### WHAT YOU WILL DO
Among the entries that follow, the required portion opens with the line containing "3 Storey Swimming" and closes with the line containing "Black bra bua ki". Give that portion again exactly, and nothing else.

### MATERIAL SHOWN
Segment Open
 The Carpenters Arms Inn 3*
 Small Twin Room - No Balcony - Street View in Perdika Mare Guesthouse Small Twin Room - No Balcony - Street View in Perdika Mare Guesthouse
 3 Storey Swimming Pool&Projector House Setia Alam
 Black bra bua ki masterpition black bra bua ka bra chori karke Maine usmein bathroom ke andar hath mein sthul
Segment Closed
Segment Open
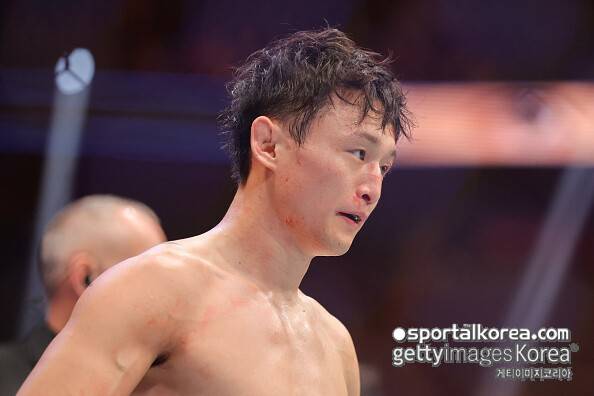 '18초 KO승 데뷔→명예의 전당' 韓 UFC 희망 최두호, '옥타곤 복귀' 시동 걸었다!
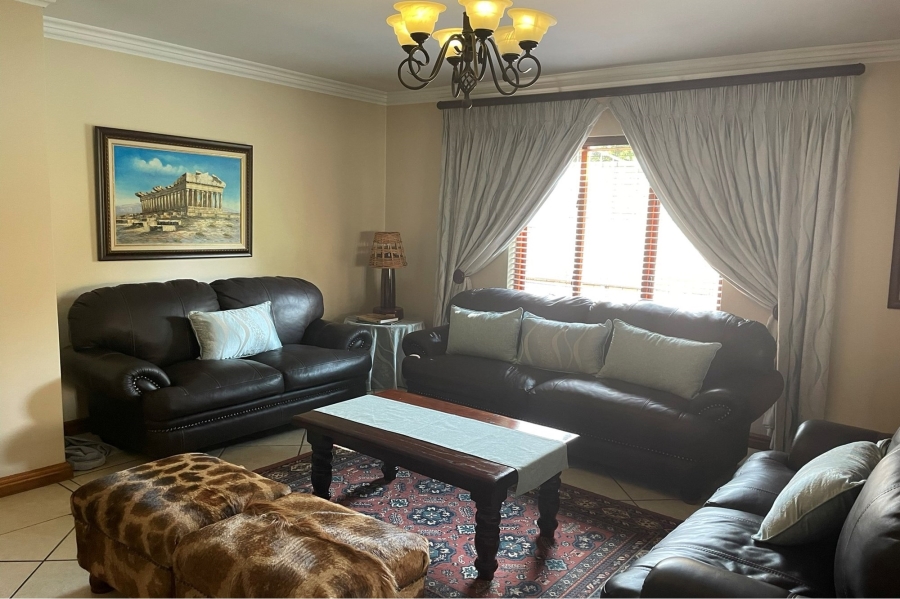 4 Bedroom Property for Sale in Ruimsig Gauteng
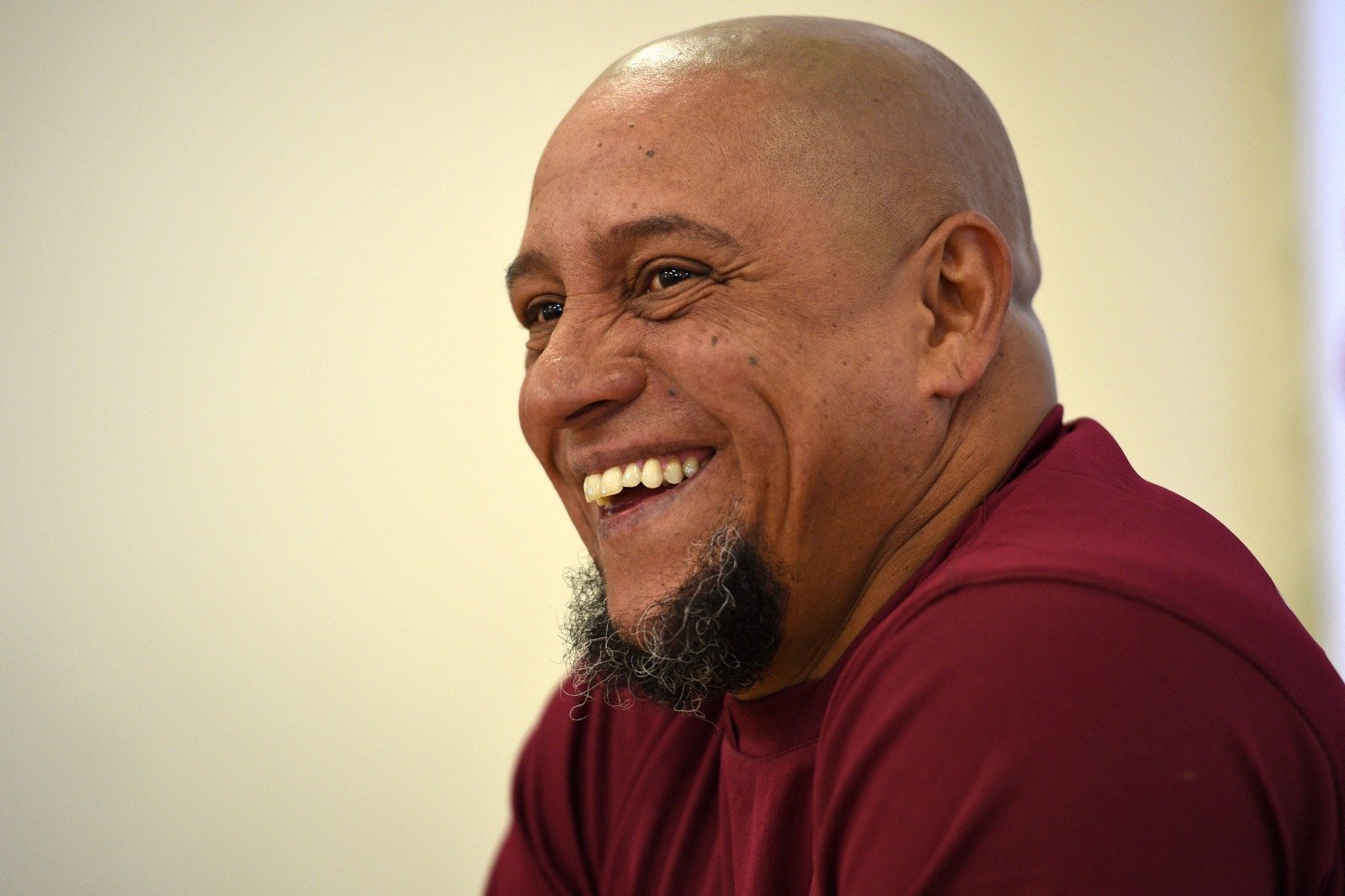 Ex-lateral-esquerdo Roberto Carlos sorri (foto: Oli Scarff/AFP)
Segment Closed
### ANSWER SPACE
 3 Storey Swimming Pool&Projector House Setia Alam
 Black bra bua ki masterpition black bra bua ka bra chori karke Maine usmein bathroom ke andar hath mein sthul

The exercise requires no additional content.